◆ **Material for this task**
■ ■ ■ ■

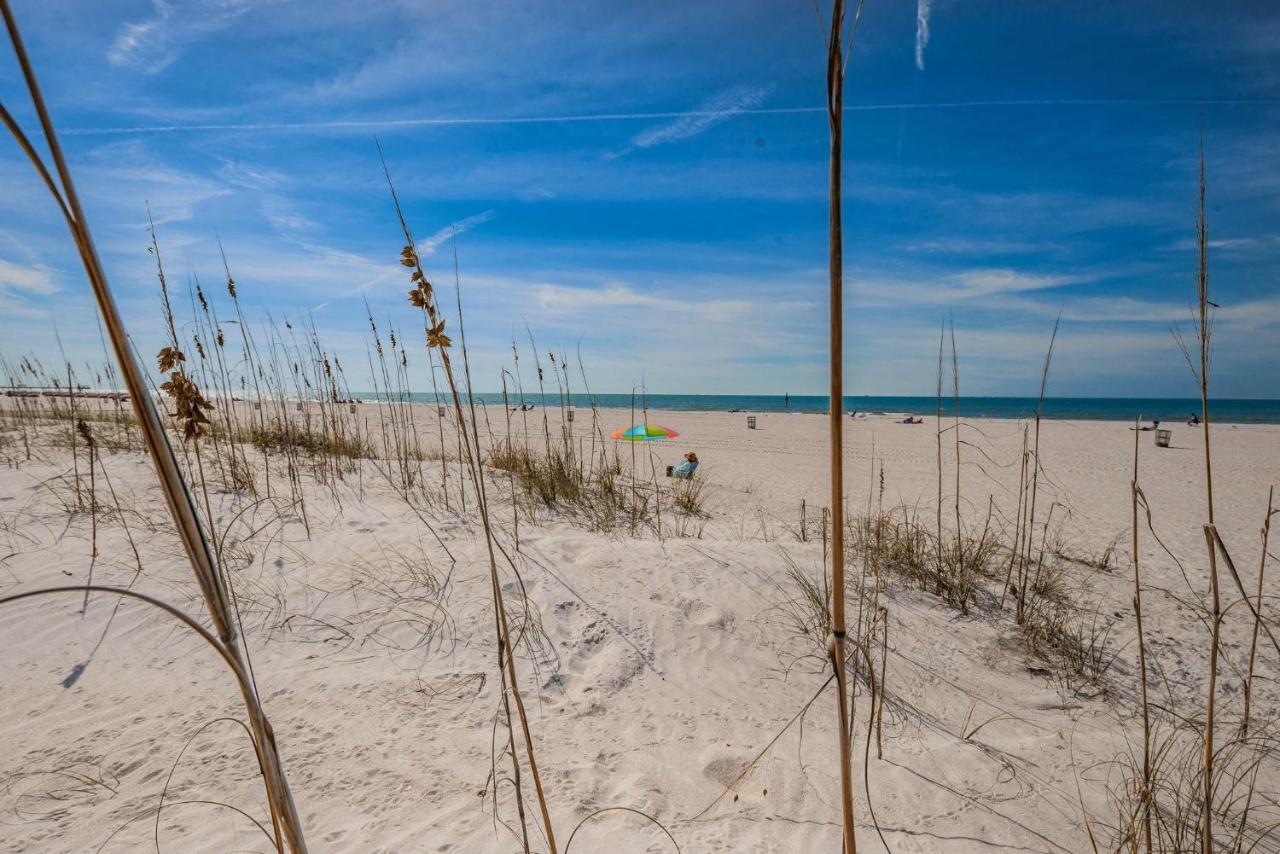 Fins Up In Clearwater Beach Exterior foto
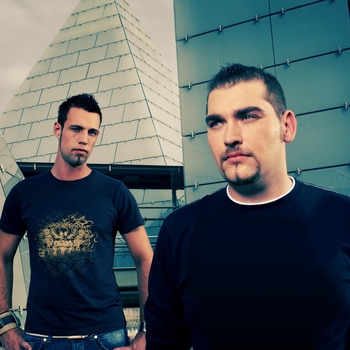 2-4 Grooves – Writing On The Wall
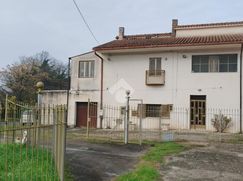 Casa Bi/Trifamiliare in Residenziale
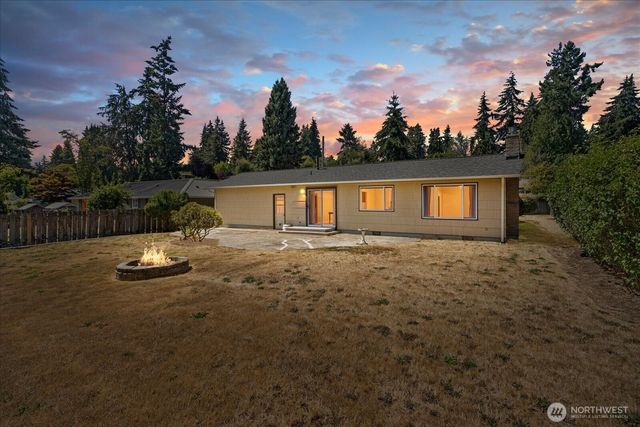 1016 S 203rd Street, Des Moines, WA 98198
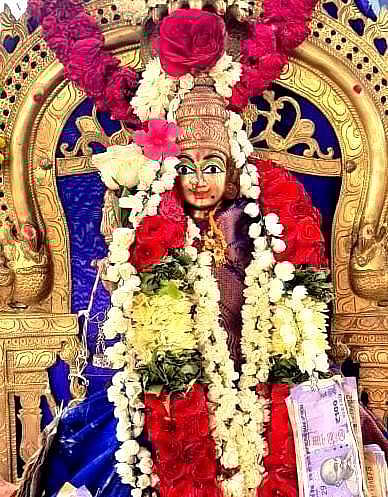 பொங்கல்விழாவினையொட்டி மோட்டூரில் உள்ள அருள்மிகு தொட்டியன் சுவாமிக்கு ஞாயிற்றுக்கிழமை செய்யப்பட்டிருந்த சிறப்பு அலங்காரம்.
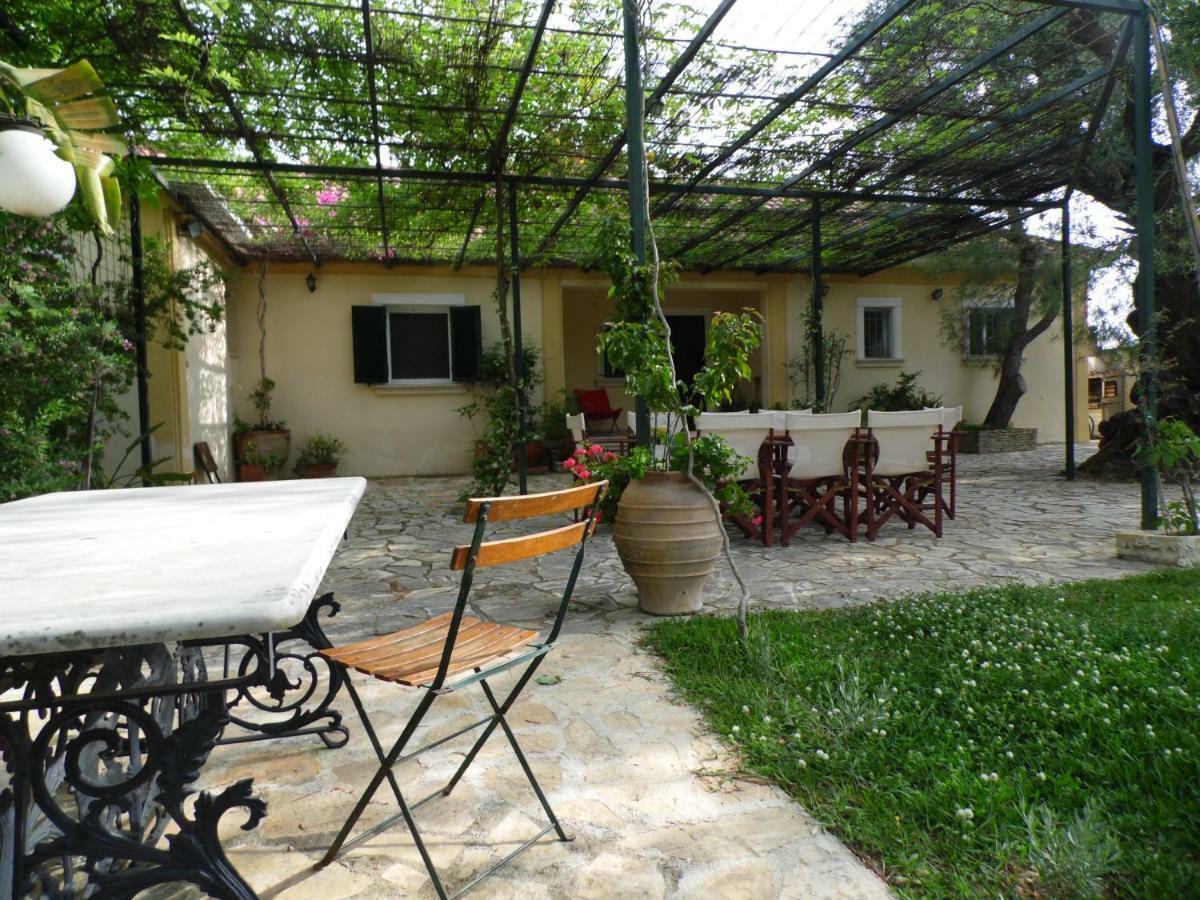 Theni Olive Grove Villa Kato Yerakarion Buitenkant foto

■ ■ ■ ■

◆ **Task directions**
No pictures go in the copy. Set down all the data exactly.

◆ **Exercise answer**
 Fins Up In Clearwater Beach Exterior foto
 2-4 Grooves – Writing On The Wall
 Casa Bi/Trifamiliare in Residenziale
 1016 S 203rd Street, Des Moines, WA 98198
 பொங்கல்விழாவினையொட்டி மோட்டூரில் உள்ள அருள்மிகு தொட்டியன் சுவாமிக்கு ஞாயிற்றுக்கிழமை செய்யப்பட்டிருந்த சிறப்பு அலங்காரம்.
 Theni Olive Grove Villa Kato Yerakarion Buitenkant foto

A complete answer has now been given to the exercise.